In particular, we have a simple linear recurrence: $$ x^n = Ax^{n-1} + \begin{pmatrix} 0 \\ p_n \end{pmatrix} $$ in terms of parameters $p$, with initial condition: $$ x^0 = b = \begin{pmatrix} 1 \\ 0 \end{pmatrix} $$ and $$ A = \begin{pmatrix} \cos\theta & \sin\theta \\ -\sin\theta & \cos\theta \end{pmatrix} $$ We execute this recurrence for $N$ steps, and at the end we compute $g(p) = (x^N_2)^2$. In the notes, the goal was to compute the derivatives $d g / d p_n$ for $n = 1,\ldots,N$.

Now, we want to instead compute $d G / d p_n$ where $$ G(p,n) = \sum_{n=0}^N g(x^n) $$ using the modified adjoint recurrence explained in the pset-5 solutions.

In [22]:

θ = 0.1
A = [ cos(θ) sin(θ); -sin(θ) cos(θ)]
N = 100
p = [1,2,3,4,5]
b = [1,0]

Out[22]:

2-element Array{Int64,1}:
 1
 0

In [4]:

# compute G by the recurrence
function recurrence(A, b, p)
    x = b
    G = x[2]^2
    for i = 1:length(p)
        x = A * x + [0,p[i]]
        G += x[2]^2
    end
    return G
end

Out[4]:

recurrence (generic function with 1 method)

In [19]:

recurrence(A, b, p)

Out[19]:

334.995658997325

Here is the implementation of $G$ and $dG/dp$ by the adjoint method, as explained in the notes. This involves computing the recurrence "forward" to obtain $x^n$, saving the results for each $n$ (using a $2\times N+1$ matrix X here), then computing the adjoint recurrence "backward" to obtain $\lambda$ and accumulate $dG/dp$.

In [8]:

# compute G(x) = ∑ x[2]^2, and dG/dp, by adjoint method
function recurrence_adjoint(A, b, p)
    X = Array(Float64, 2, length(p)+1)
    X[:,1] = b
    G = X[2,1]^2
    for i = 1:length(p)
        X[:,i+1] = A * X[:,i] + [0,p[i]]
        G += X[2,i+1]^2
    end
    λ = [0, 2*X[2,end]]
    dGdp = Array(Float64, length(p))
    for i = length(p):-1:1
        dGdp[i] = λ[2]
        λ = A'λ + [0, 2*X[2,i]]
    end
    return G, dGdp
end

Out[8]:

recurrence_adjoint (generic function with 1 method)

In [20]:

recurrence_adjoint(A, b, p)

Out[20]:

(334.995658997325,[62.952210001400694,62.798159815366446,58.25225472582998,47.42457090302371,28.545049656571447])

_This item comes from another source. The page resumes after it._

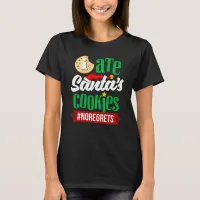 I Ate Santa's Cookies No Regrets Funny Christmas T-Shirt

For comparison, we will compute $dG/dp$ by a center difference approximation: $\partial G/\partial p_n \approx [G(p + e_n\delta ) - G(p - e_n\delta )] / 2\delta$ for some small $\delta$.

In [31]:

function recurrence_FD(A, b, p, δ=1e-5)
    G = recurrence(A, b, p)
    dGdp = Array(Float64, length(p))
    p′ = copy!(similar(p, Float64), p) # modify a copy of p rather than p
    for i = 1:length(p)
        p′[i] = p[i] + δ
        G₊ = recurrence(A, b, p′)
        p′[i] = p[i] - δ
        G₋ = recurrence(A, b, p′)
        dGdp[i] = (G₊ - G₋) / (2δ)
        p′[i] = p[i]
    end
    return G, dGdp
end

Out[31]:

recurrence_FD (generic function with 2 methods)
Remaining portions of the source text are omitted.